To the best of our knowledge, this is the first study to conduct a decision curve analysis of a predictive model for the malignancy of thyroid nodules. To comprehend the decision curve analysis, it is essential to grasp some key concepts [40]. The y-axis represents the benefit, while the x-axis denotes the preference. But what does this signify in the specific case we are examining? Let’s consider the scenario. We are dealing with a patient who has a thyroid nodule that may or may not be indicative of thyroid cancer. The decision we are attempting to make is whether to remove the nodule.
To correctly interpret a decision curve analysis, it is essential to recognize that the decision can vary based on the patient’s preferences as well as those of the attending physician.
For instance, a young patient may place high value on the removal of a nodule that could potentially be malignant if it increases their chances of a cure and allows them to care for their young children. Conversely, an elderly patient, in whom the nodule was incidentally discovered during an examination for another reason, might prefer to avoid surgery due to the risks associated with the intervention itself, such as anesthesia.
The balance between intervention and non-intervention suggests that both approaches have their own “benefits” and “costs”.
This approach to clinical decision-making, known as the decision curve, diverges from the traditional concept where an “optimal” cutoff point is primarily determined based on the model’s discrimination ability.
In our specific case, it involves determining the optimal point at which the benefits of intervening for a patient with a thyroid nodule outweigh the benefits of not intervening.
Based on clinical, analytical, and ultrasound characteristics, our predictive model estimates the probability or risk that the nodule being evaluated is cancerous.
At one end of the spectrum, we might encounter a patient with a 0.5% risk of malignancy.
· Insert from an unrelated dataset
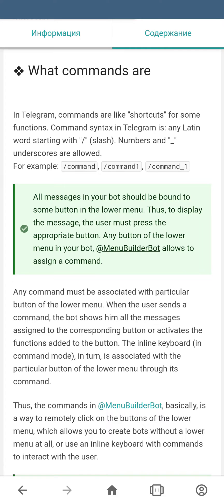Any message in your bot has to be added into one of the buttons of the lower menu. In order for the user to see that message, he has to press the button. Any button of the lower menu can be assigned with a command, so your user can use a command instead of pressing the button itself.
It seems reasonable to think that, in this case, both the patient and the physician would opt not to intervene. On the other end, we might be evaluating a patient for whom the model predicts a 99% risk of malignancy. In this second case, the physician would advise, and the patient would agree to the excision of the nodule. The same logic would apply if the predicted risks were 2% or 98%. If we continued to narrow the range, we would eventually reach a point where the physician would no longer be certain of their decision.
In our specific case, if the predicted risk were 10%, we would need to perform 10 thyroidectomies to find 1 thyroid cancer. In other words, if the risk is 10%, the odds would be 1:9. If this is the chosen threshold, the physician is implicitly assuming that missing one thyroid cancer is 9 times worse than performing an unnecessary thyroidectomy. In a way, this could be interpreted as the “number-needed-to-intervene,”meaning that a 10% risk would correspond to a number-needed-to-intervene of 10.
In our decision curve (Figure 4), we can see that when our model predicts a risk lower than 9%, the potential benefit does not surpass the strategy of intervening on all patients. Therefore, we should not use our model to make decisions when the predicted risk is lower than 9%.
On the other hand, it is important to understand that the unit of net benefit (the y-axis of the decision curve) is true positives. For example, if the curve shows a net benefit of 0.10, this means that at that point we will obtain 10 true positives for every 100 patients. In our specific case, we can see that for a risk threshold of 25%, using our model, the net benefit is 0.10 (10 true positives per 100 patients).
Our study has certain limitations. Alternative models employing methodologies distinct from logistic regression, such as machine learning models, may provide enhanced predictive capacity, which we plan to investigate in future research. Second, the predictive capacity of our model could vary, depending on the sonographer’s experience, considering that there is a high correlation between the experience of the observer and the accuracy of ultrasound evaluation of thyroid nodules [41]. For the last, our predictive model could enhance its accuracy by exclusively analyzing cases of benign thyroid nodules versus classic papillary thyroid cancer nodules, thereby excluding nodules with follicular cancer, whose ultrasound appearance is often indistinguishable from non-cancerous nodules. However, in our population, nodules with follicular cancer exhibit a significantly higher risk of malignancy compared to benign nodules. Therefore, the model could assist in identifying these cases, thereby aiding clinicians in their decision-making process.
We believe that our predictive model can be useful in routine clinical practice as it is based on variables commonly used in daily clinical practice, has undergone an external validation process, and is available online.

5. Conclusions

The external validation process of the predictive model for thyroid nodule malignancy risk, developed by our group and available at the link https://obgynreference.shinyapps.io/calccdt/ (accessed on 7 February 2025), demonstrates an adequate capacity to discriminate between malignant and benign nodules. Furthermore, the decision curve analysis conducted indicates that its use can be beneficial in clinical practice.

Author Contributions

Conceptualization, J.J.F.A. and F.C.; methodology, J.J.F.A. and M.C.L.; software, J.J.F.A.; validation, J.J.F.A., F.C., C.A.O. and C.G.M.; formal analysis, J.J.F.A.; investigation, F.C. and C.A.O.; data curation, J.J.F.A. and J.D.S.; writing—original draft preparation, J.J.F.A.; writing—review and editing, J.J.F.A., F.C., M.C.L., C.G.M. and J.D.S. All authors have read and agreed to the published version of the manuscript.

Funding

This research received no external funding.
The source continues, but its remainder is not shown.